Hi running the latest version and got more problems than before. See attached 4 automations and Z-Wave log. It even looks like a scene is not even working anymore. I have to restart HA to get things working again

Home Assistant 2023.9.0 Supervisor 2023.08.3 Operating System 10.5 Frontend-versie: 20230906.1 - latest

trace automation.bedlamp_avond_aan 2023-09-07T19_30_00.153936+00_00.json.txt

trace automation.buitenlampen_tuin_uit 2023-09-07T18_30_00.396035+00_00..json.txt

trace automation.woonkamer_wakeup_aan 2023-09-07T18_09_31.909739+00_00.json.txt

trace automation.zonsondergang 2023-09-07T18_09_31.909058+00_00.json.txt

zwavejs_2023-09-07.log

raman325 commented 1 year ago

zwavejs_2023-09-07.log

can you set the addon log level to debug and reupload if/when this happens again?

ridderr commented 1 year ago

Yes, Debug was on.

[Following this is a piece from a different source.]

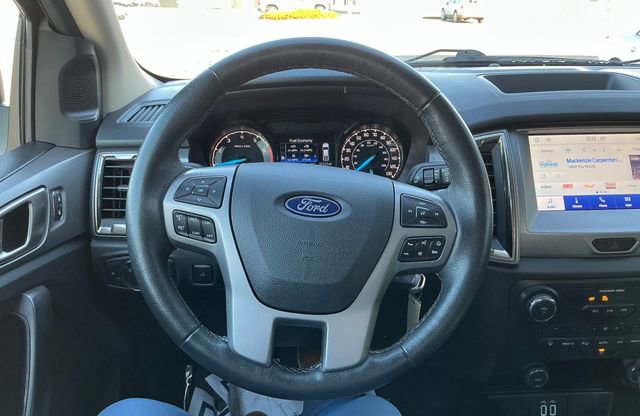 Used 2021 Ford Ranger XLT w/ Equipment Group 301A Mid AWD/4WD image 4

I only had a filter to log only a few Z-Wave nodes which I have removed now.

raman325 commented 1 year ago

thanks, please share with the filter off if/when the issue happens again. I am having a hard time parsing the first logs you uploaded.

ridderr commented 1 year ago

@raman325 , running now for 3 days with no problems with: Home Assistant 2023.9.1 Supervisor 2023.09.0 Operating System 10.5 Frontend-versie: 20230908.0 - latest

MartinHjelmare commented 1 year ago

We think this is solved for Z-Wave now. I'll close here now to easier track if further work is needed.

If you still have a problem please open a new issue and describe what device for what integration is affected, with as much data as possible, debug logs etc, so we can triage the problem appropriately.